Des plateformes de cytométrie en flux plus sophistiquées permettent un immunophénotypage complet des sous populations, en explorant également les cellules T naïves et mémoires ainsi que les cellules T régulatrices. En effet, les premières données sur les perturbations des sous-populations lymphocytaires chez les patients COVID-19 graves rapportent une augmentation des lymphocytes T auxiliaires naïfs et une diminution des lymphocytes T mémoires et régulateurs [7]. En utilisant une courbe ROC pour comparer les cas critiques et les cas de COVID-19 guéris, Xu et al. ont montré que 559, 235 et 104 cellules T CD3, CD4 et CD8 respectivement représentaient des valeurs d'alerte, en dessous desquelles il y avait un risque significativement plus élevé de décès [2]. Cependant, toute lymphopénie T peut être accentuée par d'éventuels déficits immunitaires primitifs ou acquis, potentiellement révélés par COVID-19, et doit donc être prise en compte en premier lieu lors de l'interprétation des valeurs du phénotypage.
Enfin, malgré la contribution pertinente des biomarqueurs immunologiques présentés dans cette brève revue, le domaine des investigations immunologiques est prometteur et devrait apporter des réponses à d'autres questions d´actualité en rapport avec COVID-19, notamment les différents profils et de cytokines, de chimiokines, l'importance des lymphocytes T régulateurs dans la modulation et le contrôle de la réponse immunitaire, la cinétique de la réponse humorale, y compris l´activité neutralisante des anticorps anti-SARS-CoV-2.

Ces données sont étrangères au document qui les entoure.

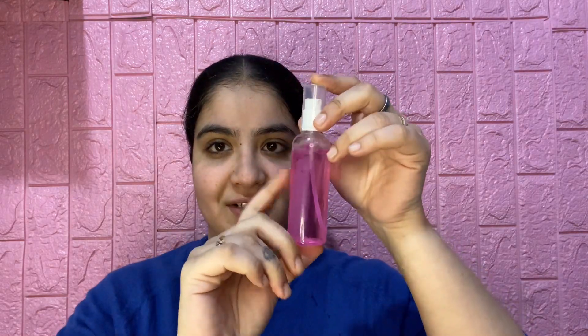Then she uses rose water with glycerin. I also typically use a lot of rose water with glycerin — I don't use any toner. So this is my toner step.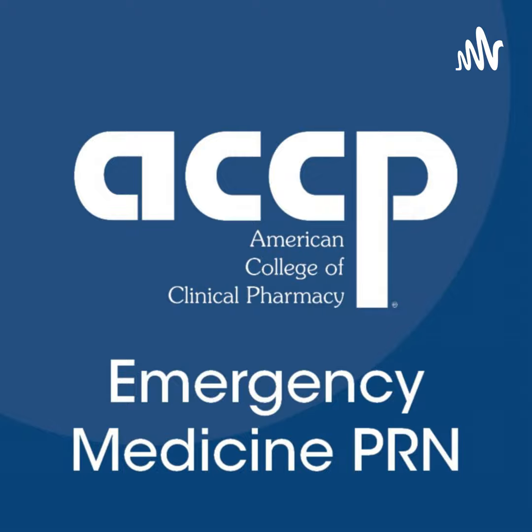Welcome to this week's ACCP Emergency Medicine PRN Journal Club presentation. I'm your host, Christian Kroll, an emergency medicine and ICU pharmacist at the University of Iowa Hospital and Clinics. To view this recorded presentation, head to our YouTube channel at youtube.com/at ACCP EMED PRN. And for PRN members, slides can be found under the library entry section of the ACCP community's website.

Au cours de l'infection à SARS-CoV-2, outre les paramètres cliniques et biologiques classiques, le dosage des cytokines inflammatoires, principalement l'IL-6, ainsi que l´étude des sous populations lymphocytaires T CD3, CD4 et CD8 doivent être systématiquement planifiés pendant la prise en charge des formes sévères de COVID-19. L´étude de ces marqueurs permet de définir les formes graves nécessitant une admission rapide en unité de soins intensifs, et sont également utiles pour le suivi des patients. Ces investigations nécessitent une démarche qualité et une collaboration étroite entre immunologistes et cliniciens en faveur des efforts immenses déployés contre cette pandémie.
Les auteurs ne déclarent aucun conflit d´intérêts.
Tous les auteurs ont lu et approuvé la version finale du manuscrit.